Cala il gelo tra Londra e Mosca, dopo che Putin – prendendo le distanze dall’amministrazione Trump – aveva definito la scelta di silurare la base di Idlib in Siria “un attacco a uno Stato sovrano”. Oggi, l’ambasciata britannica a Mosca ha annunciato la cancellazione della visita del ministro degli Esteri della Gran Bretagna, Boris Johnson, che era prevista per il prossimo 10 aprile.
“Gli sviluppi in Siria – ha spiegato Johnson in un comunicato diffuso dal Foreign Office – hanno cambiato le situazione in modo fondamentale: la mia priorità è ora lavorare con i partner del G7 e costruire consenso per una tregua sul terreno e un’intensificazione del processo politico”. Insomma, il divorzio tra Putin e Trump ha prodotto i suoi frutti: il mondo torna a spaccarsi tra le due superpotenze.

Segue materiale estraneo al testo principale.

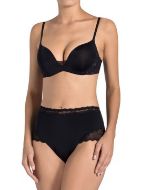 Εικόνα της Magic boost MWP. Μαύρο σουτιέν με δαντέλα, μπανέλα σιλικόνης και ελαφριά επένδυση. Ρυθμιζόμενες ράντες.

Il Cremlino non ci sta: il ministero degli Esteri russo ha infatti definito “assurda” la posizione di Johnson: “La cancellazione della visita di Johnson a Mosca arriva dopo che essa era già stata riprogrammata. Le ragioni addotte dal lato britannico sono divergenti”. “Abbiamo l’impressione – ha aggiunto Maria Zakharova, citata dai media russi – che i nostri alleati occidentali stiano vivendo in una loro realtà, in cui tentano unilateralmente di costruire piani collettivi e poi unilateralmente li cambiano, adducendo pretesti assurdi”.
Intanto, si riformano i vecchi schieramenti da “cortina di ferro”. Hassan Rohani, presidente dell’Iran – Nazione “amica” della Russia e della Siria di Assad – ha chiesto a gran voce l’istituzione di una commissione d’inchiesta internazionale “per chiarire cosa c’è dietro il recente attacco degli Stati Uniti contro la Siria e la verità sull’uso e la provenienza delle armi chimiche usate come pretesto”. “La commissione d’inchiesta – ha spiegato Rohani – non dovrebbe includere persone sleali e gli Stati Uniti non dovrebbero dirigerla” e “la questione dell’uso di armi chimiche in Siria dovrebbe essere esaminata da Paesi neutrali”.